Ich plane ein Auto zu kaufen, bin mir aber noch unsicher, ob es eines mit Automatik oder Handschaltung sein soll. Was sind die Vor- und Nachteile der Konzepte?
Antwort von
Hans-Georg Marmit, KÜS: Die Entscheidung für ein bestimmtes Getriebe hängt
von verschiedenen Faktoren sowie persönlichen Vorlieben ab. Will man etwa
einfach nur bequem von A nach B kommen oder sportlich unterwegs sein?
Kraftstoff sparen oder einen besonders günstigen Kaufpreis erzielen? Außerdem
werden manche Motoren nur in Kombination mit einem bestimmten Getriebe
angeboten.
Es gibt mittlerweile eine breite Palette an verschiedenen
Getriebetypen: manuelle Schaltgetriebe, Doppelkupplungsgetriebe (DSG),
automatisierte Schaltgetriebe, Wandlerautomatik oder stufenloses Getriebe
(CVT). Jede Getriebeart hat Vor- und Nachteile. Eine klare Abgrenzung wie
früher – Automatik für eher gemütliche Fahrer „mit Hut“ und Handschalter für
sportlich ambitionierte Lenker – gibt es heute nicht mehr. Vergleichsweise
einfach haben es Käufer von E-Autos und Plug-in-Hybriden. Diese verfügen immer
über eine Automatik.
Standard in Deutschland ist noch ein Auto mit Handschaltung. Das ist bei der Anschaffung günstiger, weil technisch simpler und weniger aufwendig. Manuelle Schalter mit fünf oder sechs Vorwärtsgängen sind im Angebot. Mit dem richtigen Fahrstil lässt sich meist ein geringerer Verbrauch erzielen als bei Automatikgetrieben. Außerdem macht das Fahren mit einer knackigen manuellen Schaltung – auf der richtigen Straße – Spaß. Im Stau oder in Stop-and-Go-Phasen kann das manuelle Schalten aber auch nerven. Wer beim Schalten die Kupplung immer wieder nicht korrekt bedient, muss auf Dauer mit Extra-Wartungskosten für ihre Instandsetzung rechnen.

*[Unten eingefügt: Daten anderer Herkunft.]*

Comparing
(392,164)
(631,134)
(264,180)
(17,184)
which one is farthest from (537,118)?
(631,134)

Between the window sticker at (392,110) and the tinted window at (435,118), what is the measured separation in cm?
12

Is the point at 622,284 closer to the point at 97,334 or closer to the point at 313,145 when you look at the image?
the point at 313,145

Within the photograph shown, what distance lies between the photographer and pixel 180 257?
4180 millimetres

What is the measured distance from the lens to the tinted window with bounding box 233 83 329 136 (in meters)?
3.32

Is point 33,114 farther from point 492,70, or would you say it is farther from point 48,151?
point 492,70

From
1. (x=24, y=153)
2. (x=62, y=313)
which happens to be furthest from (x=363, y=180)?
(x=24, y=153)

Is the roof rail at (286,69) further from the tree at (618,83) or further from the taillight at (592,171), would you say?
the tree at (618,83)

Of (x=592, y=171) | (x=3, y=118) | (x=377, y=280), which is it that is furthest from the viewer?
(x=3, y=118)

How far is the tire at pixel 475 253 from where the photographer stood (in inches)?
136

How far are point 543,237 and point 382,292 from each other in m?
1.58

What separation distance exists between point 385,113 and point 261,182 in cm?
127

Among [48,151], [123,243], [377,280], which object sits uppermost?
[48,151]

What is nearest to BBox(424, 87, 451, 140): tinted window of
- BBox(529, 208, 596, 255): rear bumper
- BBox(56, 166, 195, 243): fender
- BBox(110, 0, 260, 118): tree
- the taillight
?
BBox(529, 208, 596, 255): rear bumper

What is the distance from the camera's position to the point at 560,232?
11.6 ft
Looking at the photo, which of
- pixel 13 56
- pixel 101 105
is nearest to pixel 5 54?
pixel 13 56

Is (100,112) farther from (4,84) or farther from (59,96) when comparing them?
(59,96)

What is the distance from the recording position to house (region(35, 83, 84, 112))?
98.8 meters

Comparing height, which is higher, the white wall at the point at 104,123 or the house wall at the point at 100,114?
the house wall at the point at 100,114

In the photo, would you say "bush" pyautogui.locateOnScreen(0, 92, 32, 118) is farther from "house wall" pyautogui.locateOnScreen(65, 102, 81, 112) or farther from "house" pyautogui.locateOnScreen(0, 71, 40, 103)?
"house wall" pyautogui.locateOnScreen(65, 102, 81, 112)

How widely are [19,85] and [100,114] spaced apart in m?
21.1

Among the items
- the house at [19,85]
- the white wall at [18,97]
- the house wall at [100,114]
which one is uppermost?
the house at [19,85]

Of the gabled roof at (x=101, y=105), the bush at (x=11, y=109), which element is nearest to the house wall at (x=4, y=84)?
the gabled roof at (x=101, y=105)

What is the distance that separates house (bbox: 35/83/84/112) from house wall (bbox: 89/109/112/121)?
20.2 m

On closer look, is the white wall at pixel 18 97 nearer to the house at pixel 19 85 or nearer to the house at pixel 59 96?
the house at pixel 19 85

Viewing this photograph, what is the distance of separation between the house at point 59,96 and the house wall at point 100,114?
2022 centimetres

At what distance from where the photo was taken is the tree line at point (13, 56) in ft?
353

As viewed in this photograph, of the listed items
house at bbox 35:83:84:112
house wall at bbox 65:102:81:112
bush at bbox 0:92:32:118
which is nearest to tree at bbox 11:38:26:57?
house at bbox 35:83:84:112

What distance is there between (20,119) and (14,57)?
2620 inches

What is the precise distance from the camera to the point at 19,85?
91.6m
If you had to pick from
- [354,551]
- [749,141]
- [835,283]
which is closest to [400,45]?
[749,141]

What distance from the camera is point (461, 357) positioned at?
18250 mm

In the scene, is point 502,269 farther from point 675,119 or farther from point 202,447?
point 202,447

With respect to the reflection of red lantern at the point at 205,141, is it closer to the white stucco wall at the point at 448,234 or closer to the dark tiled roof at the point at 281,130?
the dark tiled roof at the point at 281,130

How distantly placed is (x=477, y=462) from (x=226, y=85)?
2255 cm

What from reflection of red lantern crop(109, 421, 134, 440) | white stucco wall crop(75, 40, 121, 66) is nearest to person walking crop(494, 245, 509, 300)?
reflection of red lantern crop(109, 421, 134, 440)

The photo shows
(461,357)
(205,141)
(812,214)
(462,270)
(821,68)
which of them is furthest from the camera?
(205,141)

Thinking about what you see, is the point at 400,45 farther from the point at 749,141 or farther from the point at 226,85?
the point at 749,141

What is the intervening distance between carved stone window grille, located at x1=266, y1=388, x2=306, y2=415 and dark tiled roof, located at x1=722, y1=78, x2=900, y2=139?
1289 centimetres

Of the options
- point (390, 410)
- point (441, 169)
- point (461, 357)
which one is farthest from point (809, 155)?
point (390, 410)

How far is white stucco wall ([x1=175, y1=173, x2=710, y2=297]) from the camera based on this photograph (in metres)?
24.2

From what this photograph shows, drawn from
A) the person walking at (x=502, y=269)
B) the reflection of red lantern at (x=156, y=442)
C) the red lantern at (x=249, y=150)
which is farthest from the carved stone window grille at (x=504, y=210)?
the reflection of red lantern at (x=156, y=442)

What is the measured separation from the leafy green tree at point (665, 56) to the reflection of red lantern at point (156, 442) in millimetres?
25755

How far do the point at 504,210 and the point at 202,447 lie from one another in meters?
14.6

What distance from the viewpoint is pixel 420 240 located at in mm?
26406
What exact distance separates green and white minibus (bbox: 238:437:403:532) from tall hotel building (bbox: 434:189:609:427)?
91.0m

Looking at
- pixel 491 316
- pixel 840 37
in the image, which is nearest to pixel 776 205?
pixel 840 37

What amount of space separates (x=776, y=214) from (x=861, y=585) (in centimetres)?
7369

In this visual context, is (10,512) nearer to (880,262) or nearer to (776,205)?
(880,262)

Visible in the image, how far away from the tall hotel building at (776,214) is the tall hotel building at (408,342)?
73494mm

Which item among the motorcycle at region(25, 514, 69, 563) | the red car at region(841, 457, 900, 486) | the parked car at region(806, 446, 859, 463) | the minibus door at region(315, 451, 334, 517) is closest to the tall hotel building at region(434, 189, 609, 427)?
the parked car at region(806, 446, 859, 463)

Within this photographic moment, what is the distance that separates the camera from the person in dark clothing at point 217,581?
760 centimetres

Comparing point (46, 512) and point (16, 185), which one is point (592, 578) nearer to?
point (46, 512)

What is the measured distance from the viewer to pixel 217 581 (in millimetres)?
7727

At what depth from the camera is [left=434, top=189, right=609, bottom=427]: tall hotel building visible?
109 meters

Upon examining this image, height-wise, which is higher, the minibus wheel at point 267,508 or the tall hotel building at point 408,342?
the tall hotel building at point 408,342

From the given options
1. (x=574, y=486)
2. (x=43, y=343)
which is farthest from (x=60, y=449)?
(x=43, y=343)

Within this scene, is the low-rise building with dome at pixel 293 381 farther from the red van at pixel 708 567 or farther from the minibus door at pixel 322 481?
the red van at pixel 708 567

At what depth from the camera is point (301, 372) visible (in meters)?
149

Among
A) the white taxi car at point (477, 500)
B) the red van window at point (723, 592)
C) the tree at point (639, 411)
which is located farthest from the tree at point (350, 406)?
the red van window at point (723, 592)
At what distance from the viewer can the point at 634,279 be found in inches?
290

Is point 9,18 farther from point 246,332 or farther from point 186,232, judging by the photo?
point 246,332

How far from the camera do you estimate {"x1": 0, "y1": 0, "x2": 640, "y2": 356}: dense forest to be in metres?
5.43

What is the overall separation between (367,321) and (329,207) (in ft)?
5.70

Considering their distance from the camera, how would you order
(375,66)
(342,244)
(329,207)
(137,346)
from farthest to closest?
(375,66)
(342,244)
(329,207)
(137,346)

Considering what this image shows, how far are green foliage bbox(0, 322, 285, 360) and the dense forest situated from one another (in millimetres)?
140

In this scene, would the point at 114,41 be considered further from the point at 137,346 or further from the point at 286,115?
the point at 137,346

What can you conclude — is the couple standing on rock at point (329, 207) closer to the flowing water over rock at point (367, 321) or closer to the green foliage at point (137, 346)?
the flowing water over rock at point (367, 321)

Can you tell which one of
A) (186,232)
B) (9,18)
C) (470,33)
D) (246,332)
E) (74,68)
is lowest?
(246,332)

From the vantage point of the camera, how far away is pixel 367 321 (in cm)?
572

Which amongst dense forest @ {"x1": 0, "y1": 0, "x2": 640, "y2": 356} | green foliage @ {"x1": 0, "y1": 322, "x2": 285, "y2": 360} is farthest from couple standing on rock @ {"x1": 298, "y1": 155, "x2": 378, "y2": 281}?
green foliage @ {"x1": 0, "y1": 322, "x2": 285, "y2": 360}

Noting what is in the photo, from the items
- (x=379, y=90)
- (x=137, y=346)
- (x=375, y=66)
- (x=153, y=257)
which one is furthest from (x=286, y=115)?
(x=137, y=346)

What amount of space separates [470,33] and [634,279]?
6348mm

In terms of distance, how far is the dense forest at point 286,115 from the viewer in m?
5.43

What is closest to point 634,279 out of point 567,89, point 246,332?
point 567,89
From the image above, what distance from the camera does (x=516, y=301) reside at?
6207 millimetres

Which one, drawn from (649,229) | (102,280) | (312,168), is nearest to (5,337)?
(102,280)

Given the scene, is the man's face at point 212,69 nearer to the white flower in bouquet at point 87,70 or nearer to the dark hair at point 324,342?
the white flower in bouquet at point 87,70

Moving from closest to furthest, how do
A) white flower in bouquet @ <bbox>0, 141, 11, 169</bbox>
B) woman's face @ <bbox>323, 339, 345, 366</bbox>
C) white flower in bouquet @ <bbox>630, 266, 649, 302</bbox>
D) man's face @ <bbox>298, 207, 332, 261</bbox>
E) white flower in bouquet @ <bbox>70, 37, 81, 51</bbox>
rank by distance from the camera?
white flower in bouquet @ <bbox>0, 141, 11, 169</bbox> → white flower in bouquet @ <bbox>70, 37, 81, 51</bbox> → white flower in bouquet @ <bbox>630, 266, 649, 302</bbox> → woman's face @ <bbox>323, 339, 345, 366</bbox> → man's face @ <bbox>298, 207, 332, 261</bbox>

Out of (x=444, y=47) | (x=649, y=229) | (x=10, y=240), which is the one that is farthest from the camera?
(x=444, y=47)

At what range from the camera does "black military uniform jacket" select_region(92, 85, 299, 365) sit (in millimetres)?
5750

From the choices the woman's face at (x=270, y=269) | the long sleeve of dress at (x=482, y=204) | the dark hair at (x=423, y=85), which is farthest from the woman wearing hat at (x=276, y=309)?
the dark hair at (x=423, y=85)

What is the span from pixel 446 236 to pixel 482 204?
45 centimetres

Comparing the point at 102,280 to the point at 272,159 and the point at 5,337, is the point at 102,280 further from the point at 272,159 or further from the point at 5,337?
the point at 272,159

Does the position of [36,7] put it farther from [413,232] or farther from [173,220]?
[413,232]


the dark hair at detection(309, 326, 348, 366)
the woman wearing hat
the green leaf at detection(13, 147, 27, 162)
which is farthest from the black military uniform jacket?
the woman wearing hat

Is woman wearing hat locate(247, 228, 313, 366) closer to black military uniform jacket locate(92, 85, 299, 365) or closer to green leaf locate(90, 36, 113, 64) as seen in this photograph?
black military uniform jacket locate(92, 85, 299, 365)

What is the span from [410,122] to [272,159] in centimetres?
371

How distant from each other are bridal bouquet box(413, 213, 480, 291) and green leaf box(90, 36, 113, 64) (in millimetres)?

Nicht Fisch noch Fleisch ist das automatisierte
Schaltgetriebe. Es kommt in Kleinst- und Kleinwagen zum Einsatz und soll eine
kostengünstige Alternative zum Handschalter sein. Im Prinzip funktioniert diese
Schaltung wie ein normales Getriebe, lediglich die Kupplung wird automatisch
betätigt. Der etwas optimierte Verbrauch wird mit langen Schaltpausen erkauft,
die, je nach Getriebe, noch von ruckartigen Bewegungen begleitet werden.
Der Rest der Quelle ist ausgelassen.